Work order:
Could you copy exactly the lines below from the one with "Casa Ocupada com" to the one with "New 2025 Lexus", inclusive, leaving out any pictures?

[[ Records open ]]

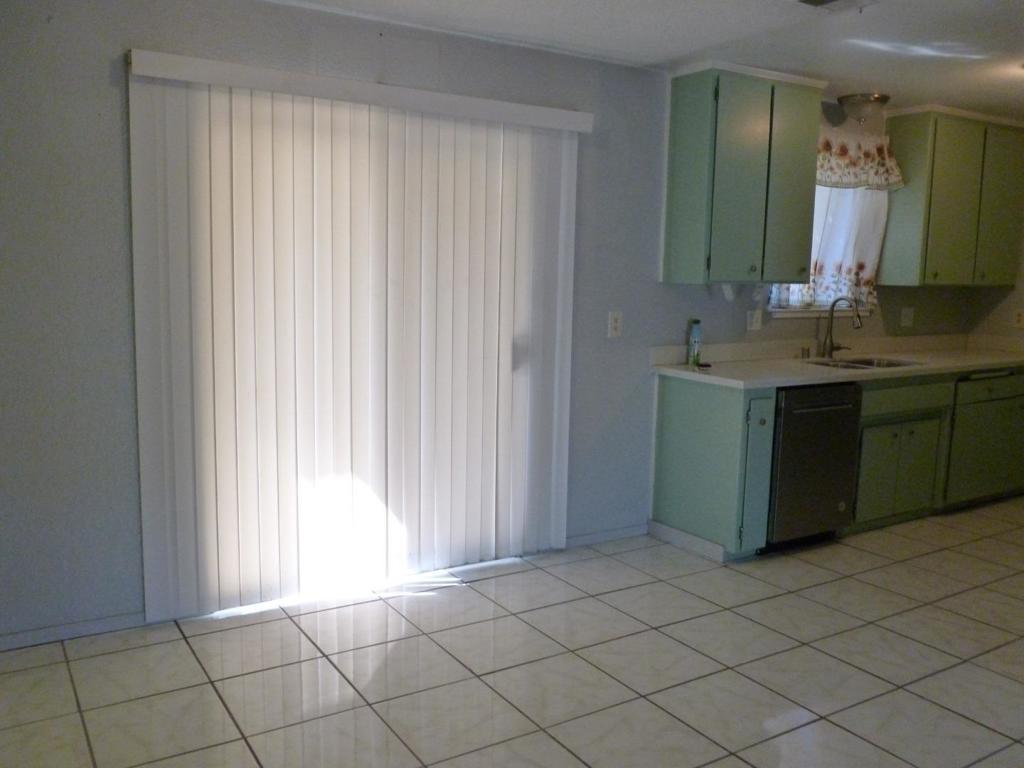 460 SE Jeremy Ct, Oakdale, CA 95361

[[ Records closed ]]
[[ Records open ]]

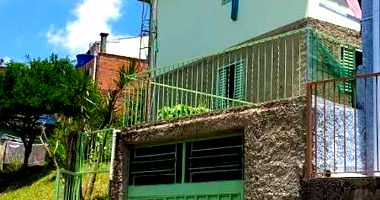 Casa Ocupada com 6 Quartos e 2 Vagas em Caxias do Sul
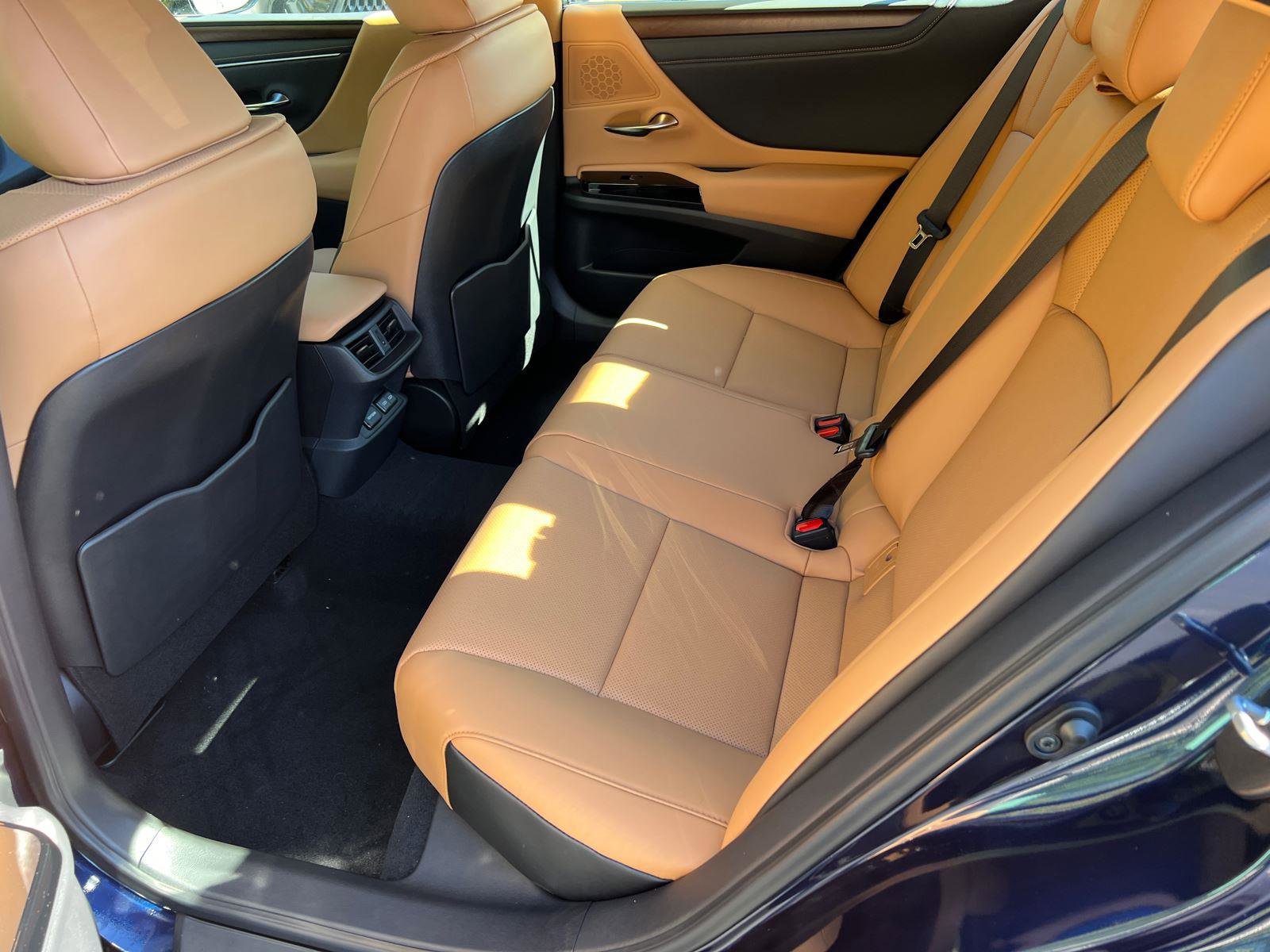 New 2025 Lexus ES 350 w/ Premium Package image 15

[[ Records closed ]]

Reply to the exercise:
 Casa Ocupada com 6 Quartos e 2 Vagas em Caxias do Sul
 New 2025 Lexus ES 350 w/ Premium Package image 15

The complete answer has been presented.